To: Elwood P. Dowd who wrote (1439)7/22/2002 11:04:52 AM
From: MeDroogies  Respond to of 4345
 
I remember saying that I wanted to go short the Naz about 4 weeks ago and somebody responded that must be a sure sign we were at a bottom....LOL.

I agree we're NEAR a bottom. And I didn't go short. Call me a wuss. I never take my own best advice.



To: Elwood P. Dowd who wrote (1439)7/22/2002 11:42:17 AM
From: Night Writer  Respond to of 4345
 
Ink sales boost Lexmark quarterly profits

(Adds company comment from conference call in paragraphs 6,
8-9, 11, updates stock activity)
LEXINGTON, Ky., July 22 (Reuters) - No. 2 U.S. computer
printer maker Lexmark International Inc. <LXK.N> on Monday
reported a small and unexpected rise in second-quarter
earnings, fueled by robust sales of ink for its laser and
inkjet devices.
Lexington, Kentucky-based Lexmark, second in the printer
market, after leader Hewlett-Packard Co. <HPQ.N>, posted net
income of $89.1 million, or 67 cents a share, compared with
$87.1 million, or 65 cents per share, one year ago.
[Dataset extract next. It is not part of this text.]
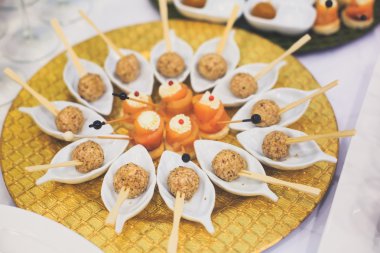 Güzel yemek Ziyafet tablo farklı yemek aperatifler ve mezeler sandviç, havyar, kurumsal Noel doğum günü partisi taze meyve ile dekore edilmiş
Most Wall Street analysts expected lower earnings with a
consensus of 61 cents a share. Estimates were ranging from 58
cents to 65 cents, according to Thomson First Call.
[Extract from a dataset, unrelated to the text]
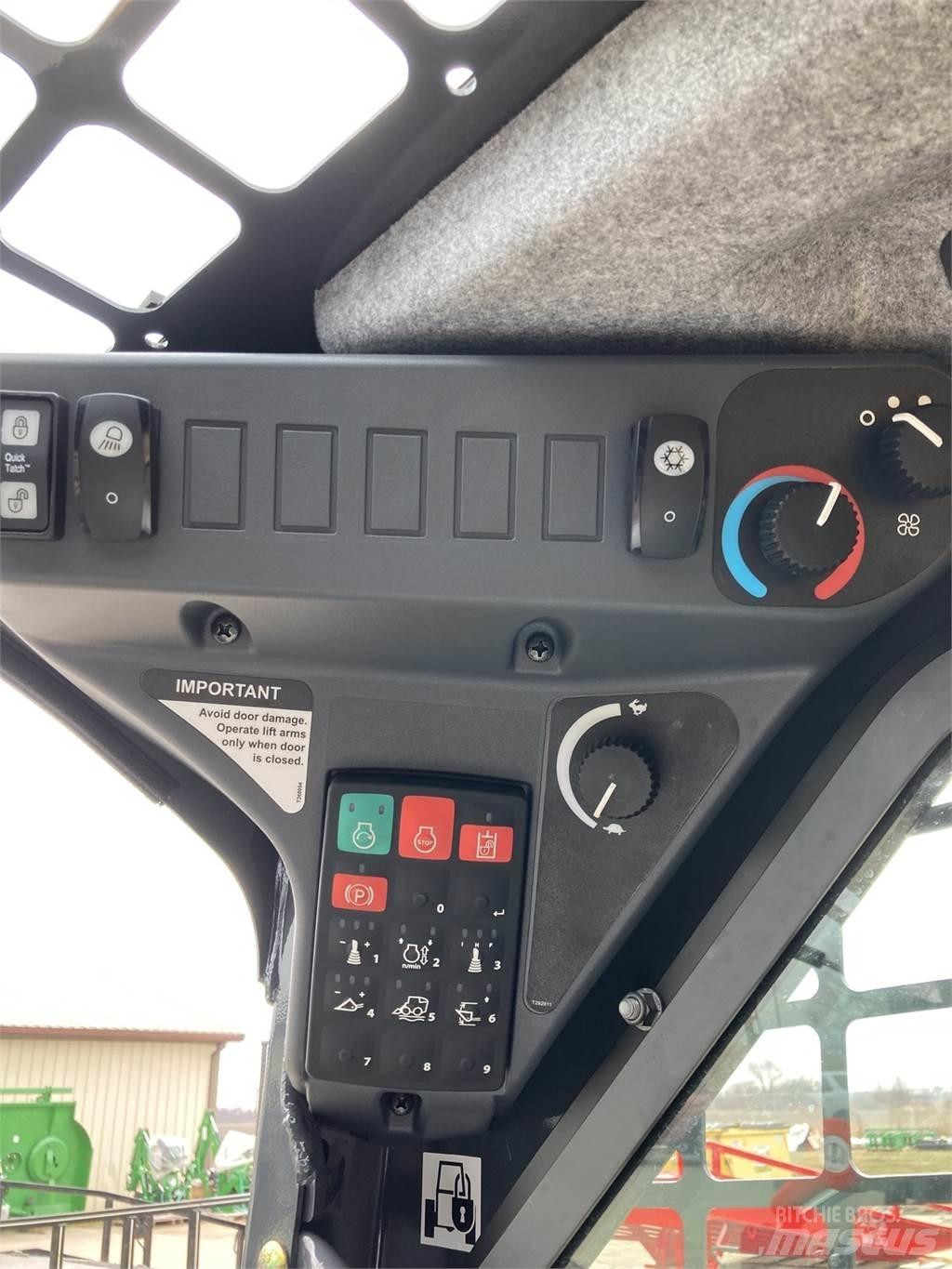 John Deere 318G Мини товарачи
Revenue rose to $1.06 billion from $980.1 million a year
earlier. Sales of printer supplies -- primarily replacement ink
-- rose 18 percent to $566 million, representing 53 percent of
Lexmark's total. Printer sales grew by 9 percent.
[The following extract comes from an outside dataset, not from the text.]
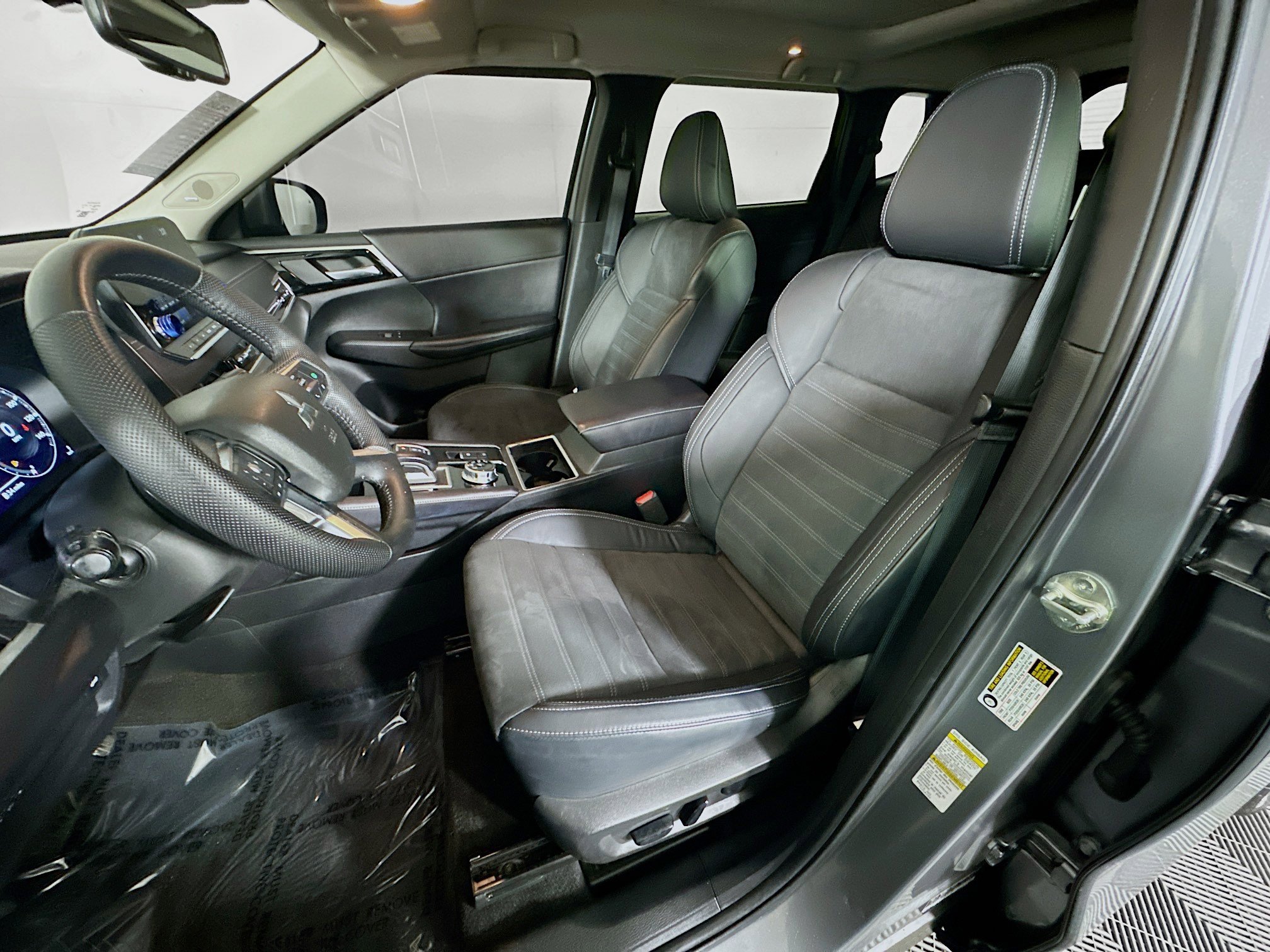 Used 2023 Mitsubishi Outlander SE FWD image 12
The company expects continued earnings growth in the third
quarter. But it remains cautious due to weakness in consumer
markets, and further slumping in the information technology
industry, where companies have streamlined spending plans.
"The market continues to be weak, and we expect to see some
channel inventory shrinkage on the consumer side," Gary Morin,
Lexmark's chief financial officer, said on a conference call
with analysts.
Lexmark sees third-quarter revenue growth at a rate in the
low- to mid-single digits, and forecast earnings per share of
58 cents to 68 cents compared with 52 cents a share in the
third-quarter 2001. Wall Street's analysts estimated a range of
62 cents to 69 cents a share, according to First Call.
Chief executive Paul Curlander shook off analysts' repeated
questions regarding Dell Computer Corp.<DELL.O>, which has
voiced its interest in entering the printer market. Many
analysts speculated that Dell might try to partner with
Lexmark.
"Only Dell knows what Dell's strategy is relative to entry
into the business," he said. "Our strategy is to grow our
businesses through Lexmark-branded product. We are not
dependent on OEM deals to grow our business."
Original Equipment Manufacturing, or OEM, deals occur when
a manufacturer sells product through a partner, often with that
partner's brand name applied to the product. Lexmark's OEM
business was cut back by the recently completed merger of
Hewlett-Packard and Compaq, which was a Lexmark partner.
"We are certainly interested in OEM deals, although we are
not counting on them for growth," he said.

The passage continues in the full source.